## To do
In the records below, find the line with "Spiders in the", then copy each line exactly until you have copied the line with "clear vision - Eye". Leave any picture out.

Start of Data for processing

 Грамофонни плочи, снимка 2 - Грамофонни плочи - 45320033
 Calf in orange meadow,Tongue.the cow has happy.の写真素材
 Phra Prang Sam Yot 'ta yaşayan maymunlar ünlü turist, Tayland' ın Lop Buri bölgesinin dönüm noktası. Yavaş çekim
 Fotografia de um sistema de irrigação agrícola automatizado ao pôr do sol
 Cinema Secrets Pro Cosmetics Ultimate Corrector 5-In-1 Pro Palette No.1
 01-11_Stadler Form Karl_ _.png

End of Data for processing
Start of Data for processing

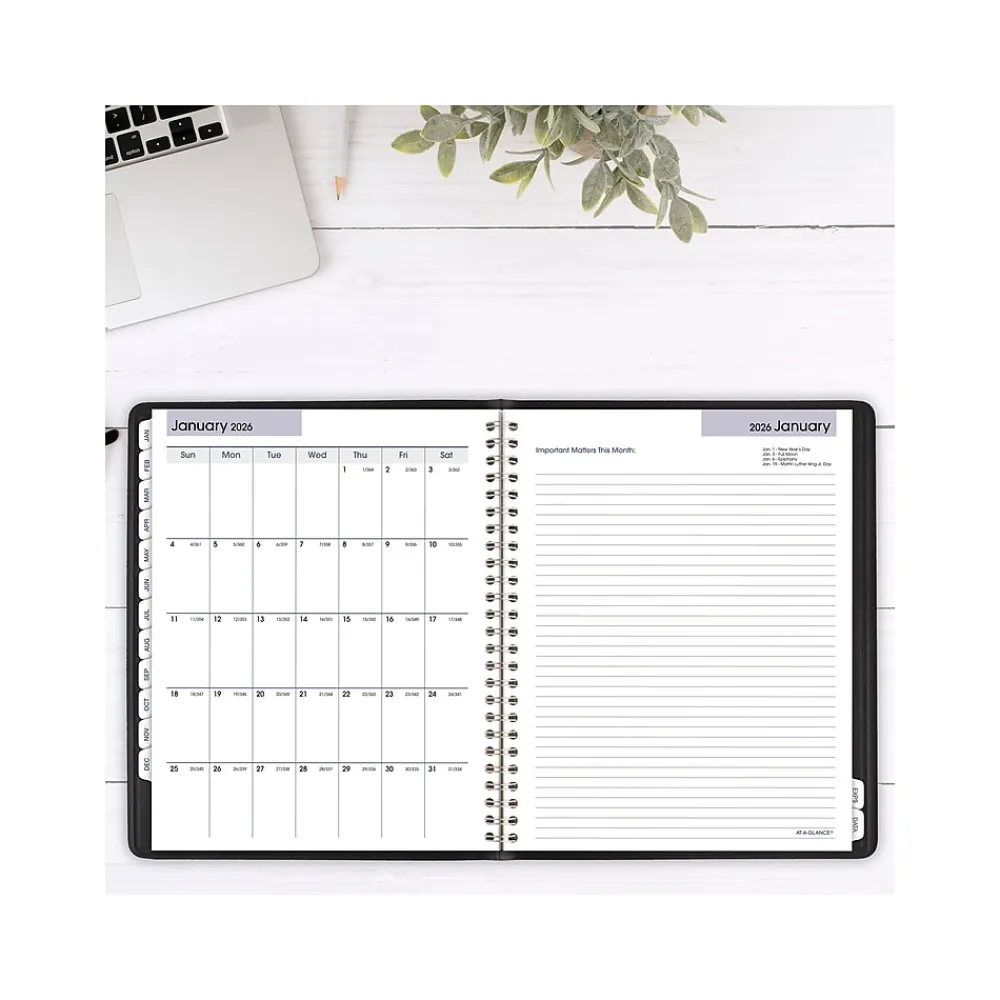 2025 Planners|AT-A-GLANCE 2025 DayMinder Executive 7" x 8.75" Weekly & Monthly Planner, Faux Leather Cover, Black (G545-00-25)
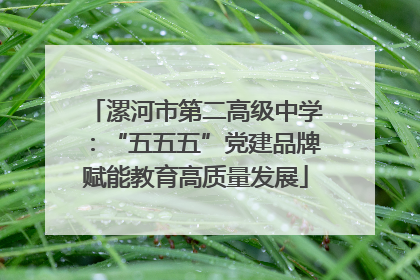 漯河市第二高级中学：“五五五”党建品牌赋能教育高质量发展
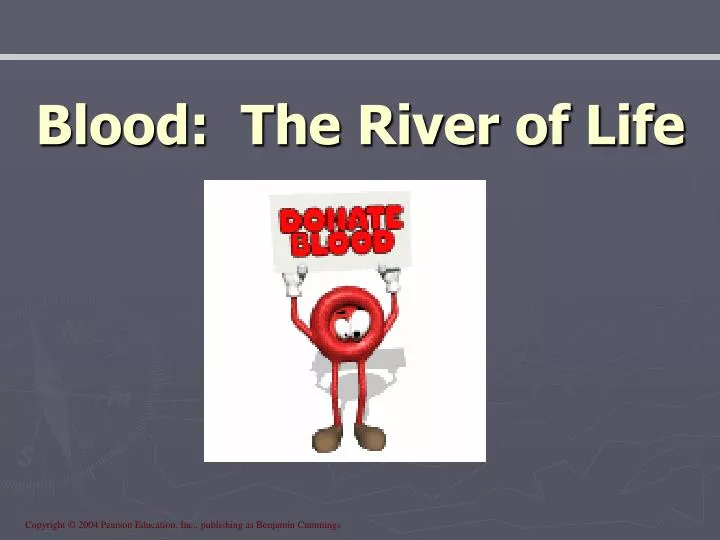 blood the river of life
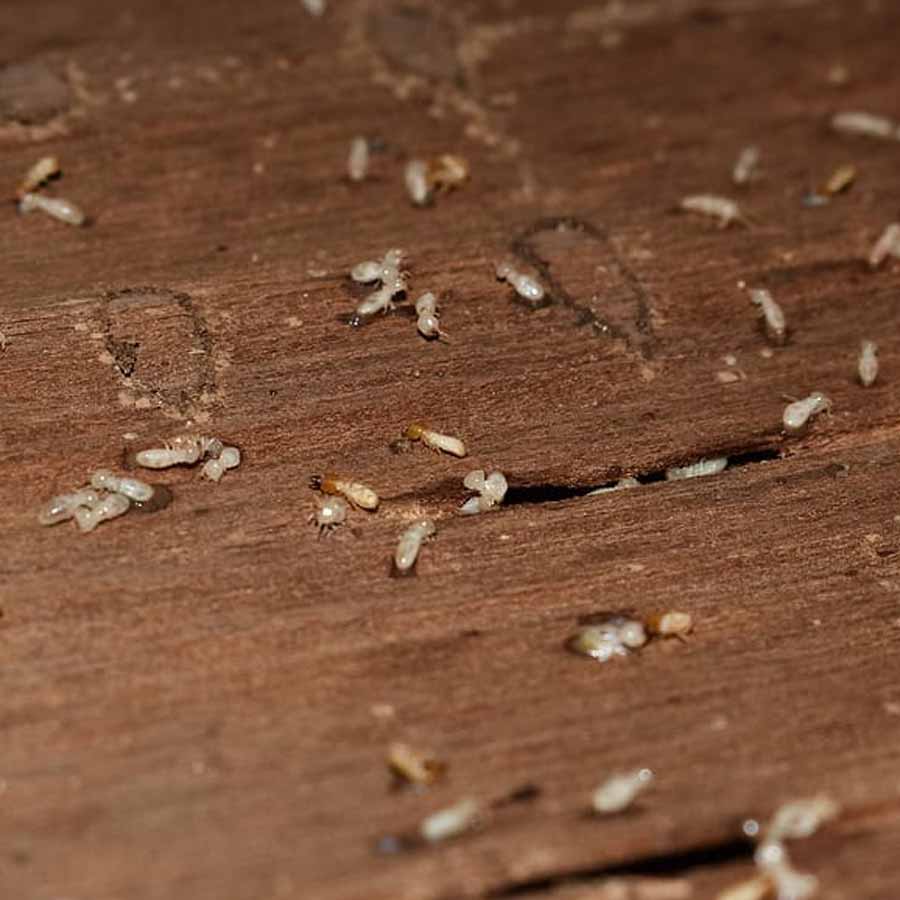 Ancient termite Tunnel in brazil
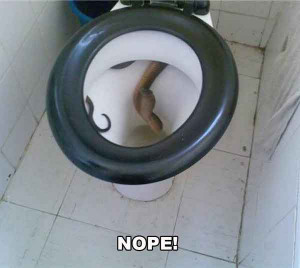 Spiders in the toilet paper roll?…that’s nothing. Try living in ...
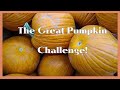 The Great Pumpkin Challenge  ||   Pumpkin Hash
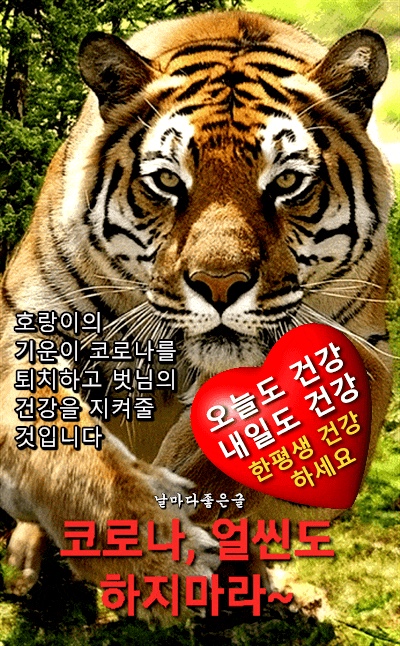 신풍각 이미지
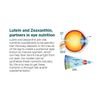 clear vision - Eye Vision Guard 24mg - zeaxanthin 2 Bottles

End of Data for processing

## Answer
 Spiders in the toilet paper roll?…that’s nothing. Try living in ...
 The Great Pumpkin Challenge  ||   Pumpkin Hash
 신풍각 이미지
 clear vision - Eye Vision Guard 24mg - zeaxanthin 2 Bottles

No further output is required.